The town of Dover is dependent on tourism driven largely by nearby Mount Snow.

The Select Board decided last week to use some proceeds from the local one-percent sales tax to fund a marketing campaign.

Colby Dix serves on the Dover Select Board. He says the campaign will let people around New England know that Vermont and the Deerfield Valley are open for business.

(Dix) "It’s one of the benefits of having our local options tax. And though it has been controversial at times, when you can directly market and give some benefit back to all the businesses that have helped to support it, it’s kind of a no-brainer."

(Host) Dix says the message that ‘Vermont is open’ is important to emphasize. That’s because in the early days after the storm, the towns in the Deerfield Valley had asked people to stay away temporarily.

(Dix) "When the hurricane initially hit, the week after we had to have some really tough conversations with our second home owners and visitors to say, ‘Please don’t come just yet. Our roads aren’t ready. If you come up and hinder our ability to fix our infrastructure, then we can’t get ready for foliage or anything beyond that.’ But at this point, we’ve made just amazing strides."

(Host) The state has tried to manage those two messages – to give some towns space to rebuild, but to support the businesses that are still open.

Megan Smith is the tourism commissioner. She says visitors spend $332 million in Vermont during foliage season, but expects this year will be different.

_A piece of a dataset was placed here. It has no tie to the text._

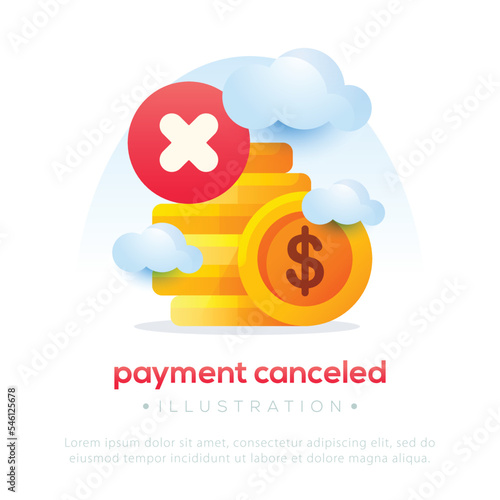 Payment canceled illustration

(Smith) "I was out all weekend along Route 100 that had just re-opened, talking to business owners. And you know that’s business that they’re just not going to get back. And that’s tax dollars we’re not going to collect as a state. And I think that we have to really – right away, as soon as foliage season is over – we really have to get a grasp on what the damage has been."

(Host) Smith says major winter marketing campaigns are already under way. She says her long-term focus is on making sure tourism rebounds next fall and winter.